Instructions to follow:
Every entry should be repeated exactly. Omit the pictures.

[[ Supplied records open ]]

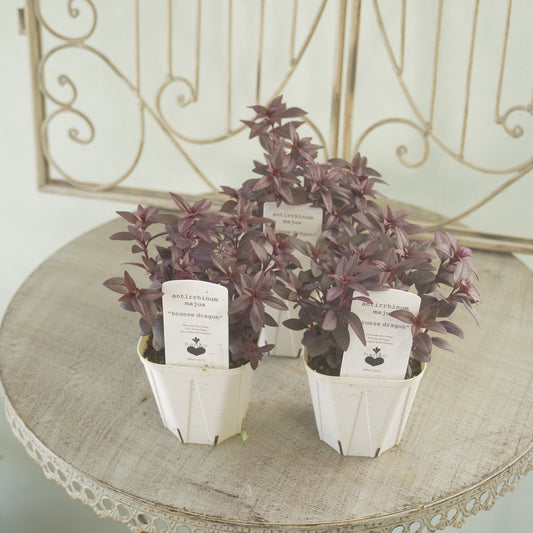 花越セレクション♪キンギョソウ　ブロンズドラゴン　3～4分割できます。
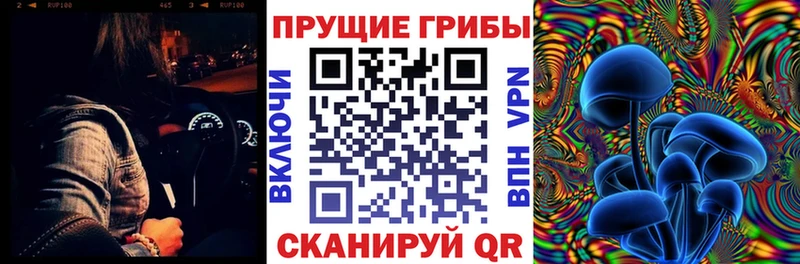 Псилоцибиновые грибы Magic Shrooms  купить закладку  Чебаркуль 
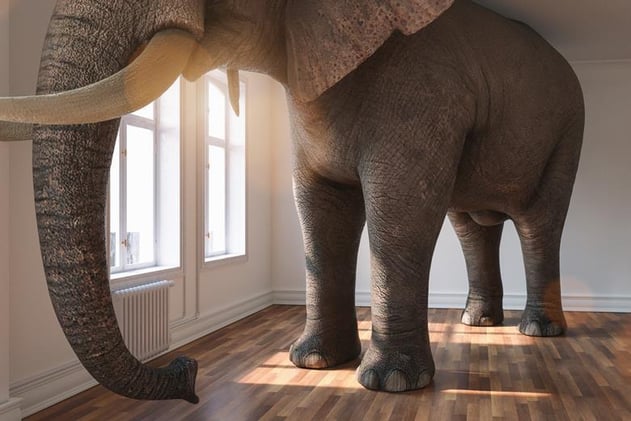 🐘Let's Talk about March Madness and the Elephant in the Room🐘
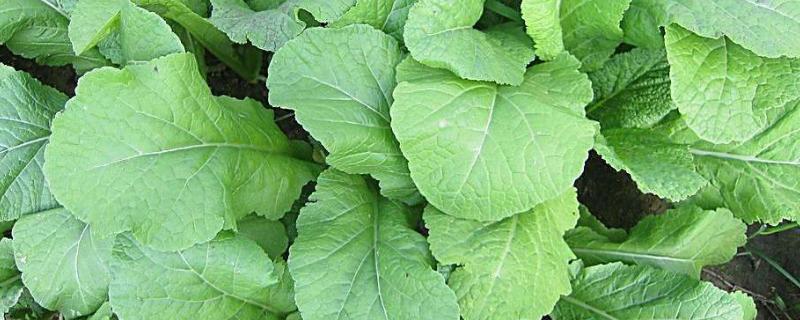 硝酸铵钙肥效期多少天，几天见效 硝酸铵钙肥效期多少天,几天见效啊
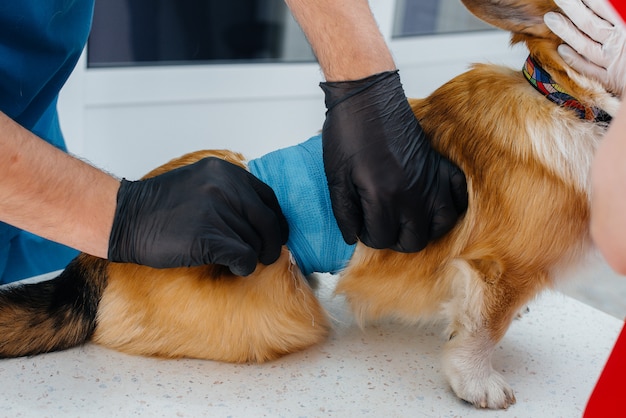 En una clínica veterinaria moderna, se examina un perro Corgi de pura sangre. Clínica veterinaria.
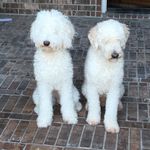 Scott Salerno - @peanutandlolathedoodles - Instagram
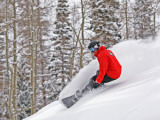 Snowboarder Enjoying Deep Fresh Powder at Brighton Ski Resort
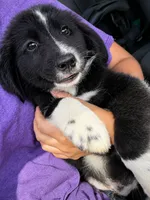 Spot , a male Aussiedoodle for sale in Mosheim, TN – 2 of 2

[[ Supplied records closed ]]

Result:
 花越セレクション♪キンギョソウ　ブロンズドラゴン　3～4分割できます。
 Псилоцибиновые грибы Magic Shrooms  купить закладку  Чебаркуль 
 🐘Let's Talk about March Madness and the Elephant in the Room🐘
 硝酸铵钙肥效期多少天，几天见效 硝酸铵钙肥效期多少天,几天见效啊
 En una clínica veterinaria moderna, se examina un perro Corgi de pura sangre. Clínica veterinaria.
 Scott Salerno - @peanutandlolathedoodles - Instagram
 Snowboarder Enjoying Deep Fresh Powder at Brighton Ski Resort
 Spot , a male Aussiedoodle for sale in Mosheim, TN – 2 of 2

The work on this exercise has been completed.